I really doubt he does understand it. That's a terrible explanation of MapReduce, and then makes it sound like it's secret Google tech that will take over the world-- parallel computing isn't new, and even MapReduce itself has an open source clone now. It's really surprising to find an article like that on HBR.
It's interesting how much noise there is around MapReduce. I'm working as CTO of a start-up with a very large dataset (terabytes) where we need to do quite complex queries across the dataset and very quickly.
Naturally we are taking a distributed approach to the problem since hardware is cheap and relatively easy to coordinate via software.

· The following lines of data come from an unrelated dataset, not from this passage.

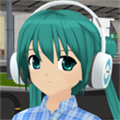 少女都市3D作弊菜單中文免費版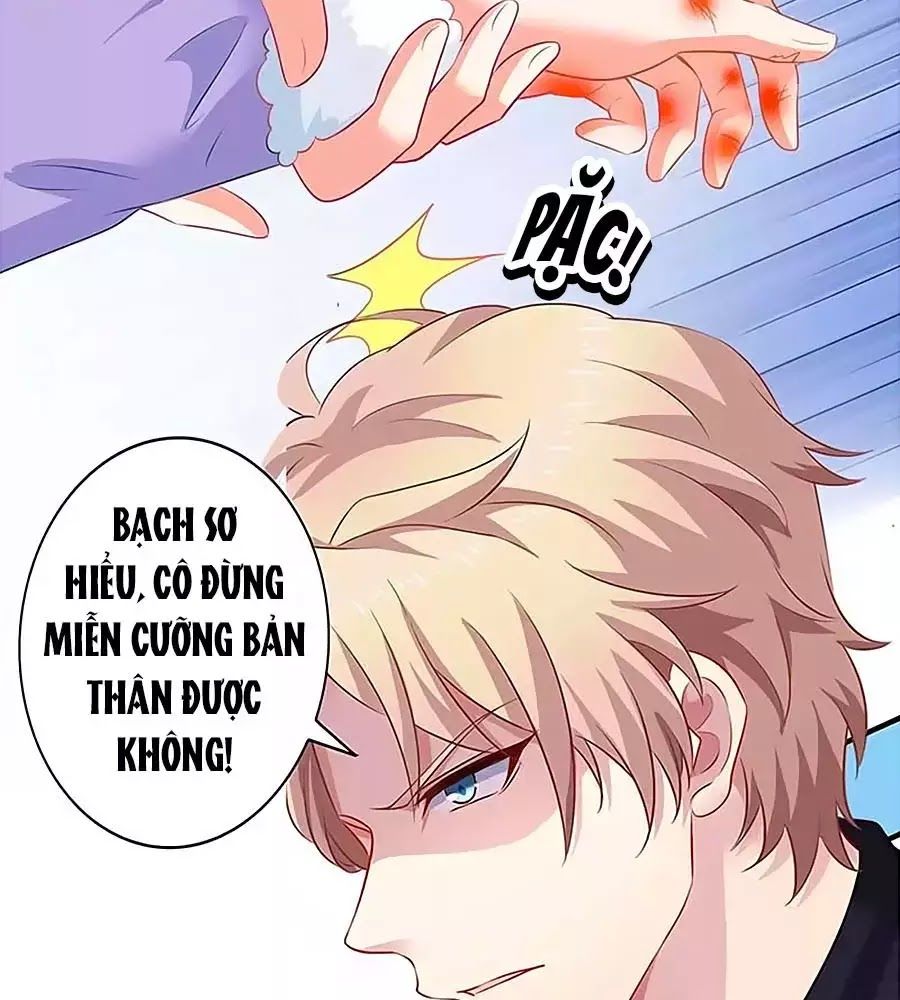 Một Thai Hai Bảo : Đưa Mami Về Nhà ! - Chương 86 - Trang 11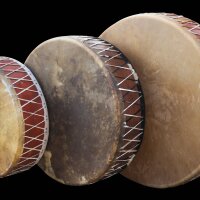 Terré Motherdrum 140cm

We decided to go our own way using a mixture of some databases and raw file system access with our own application coordinating both the cluster of machines and performing the queries themselves after performing extensive benchmarking of everything.
We looked closely at Hadoop and came to the conclusion that MapReduce was just the wrong architecture for our problem. Its performance was horrible.
The moral of this story is that MapReduce is interesting, but that doesn't prevent you from having to actually test algorithms and make an informed choice. Just because Google's using it doesn't mean it's a panacea.
I didn't get through the whole article, but "Google is building a new secret weapon that has more to do with the brain than search."? Google published their MapReduce paper in 2004... http://labs.google.com/papers/mapreduce.html
Latest version of Qt also implements MapReduce patterns (only for multi-core, not across the network). There's also good old MPI, which isn't terribly sexy, but gets the job done. I found this post rather interesting when I ran across it:
Map Reduce is hardly secret and it's not like other people such as Yahoo!, Facebook and others aren't using it. Google might have a head start but that's about it.
I wonder how long that head start will last with a collaborative Open Source project backed by some other big players (that would be Hadoop).
Then a few hours later my comment has been edited -- they removed a few sentences. (I don't remember the text I wrote exactly, but I said that: 1) the author of this article should have showed his text to at least some CS student, 2) I didn't expect that Harvard Business Publishing could publish articles by such incompetent authors.)
Here we go. They could have deleted my comment, but instead they decided to edit my speech. Why just they don't rewrite everything I said?
I am interested in learning about map reduce but I have yet to find a very simple tutorial that explains what it does and demonstrate at a very simple level how it works
"We're shifting over to a MapReduce-based architecture, just like Google! Google's website is only an interface to a larger architecture. It all ties in to cloud computing and SOA and..."